What’s not to love about Red Hen in Bloomingdale? At a recent dinner, “The Chew” co-host Carla Hall lighted up a coveted window table, pals had to remind me to share the saffron fettuccine with braised chicken and a shower of mustardy crumbs, and Sebastian Zutant, the resident wine wiz, announced that the wine he was introducing us to was “my favorite wine of the whole year.” (A sip of the orange Vino Costo from Spain hooked me, too.)

 

In its early months, the smoke-perfumed retreat helmed by chef Michael Friedman poured on the salt. No more. Everything that lands on my table these days — lamb meatloaf sandwiched with smoked onions, halibut atop soft polenta and ginned up with grilled kale — makes me wish I lived closer to a kitchen that also combines chickpeas, lentils, salami and smoked mozzarella into a salad worthy of a food cover.

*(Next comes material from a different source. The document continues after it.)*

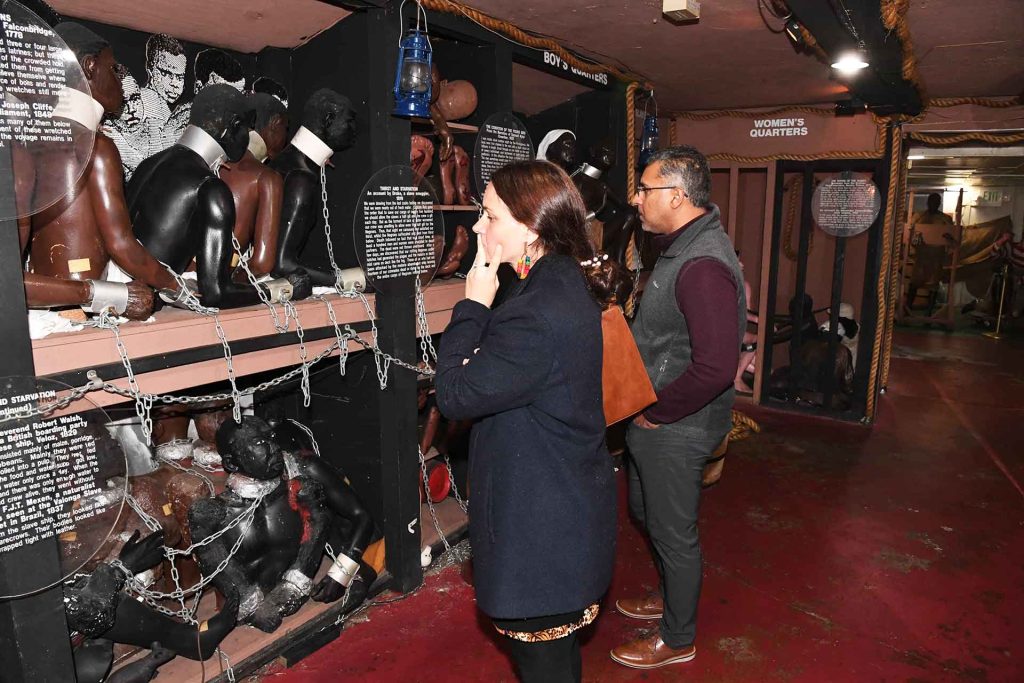 two people standing in front of wax statues showing slaves chained inside of a false boat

The tie that binds, brilliantly: oregano vinaigrette. “Mom’s” pound cake, meanwhile, has me briefly considering a parent swap with the chef.

 

Dominated by a central bar and an oak-fired hearth, the cozy Red Hen hires cool kids, one of whom, server Jared Barker, farms on the side and occasionally rewards regulars with his fabulous eggs. The restaurant sounds close to perfect, but it’s not; I’d go more often, but my ears won’t let me.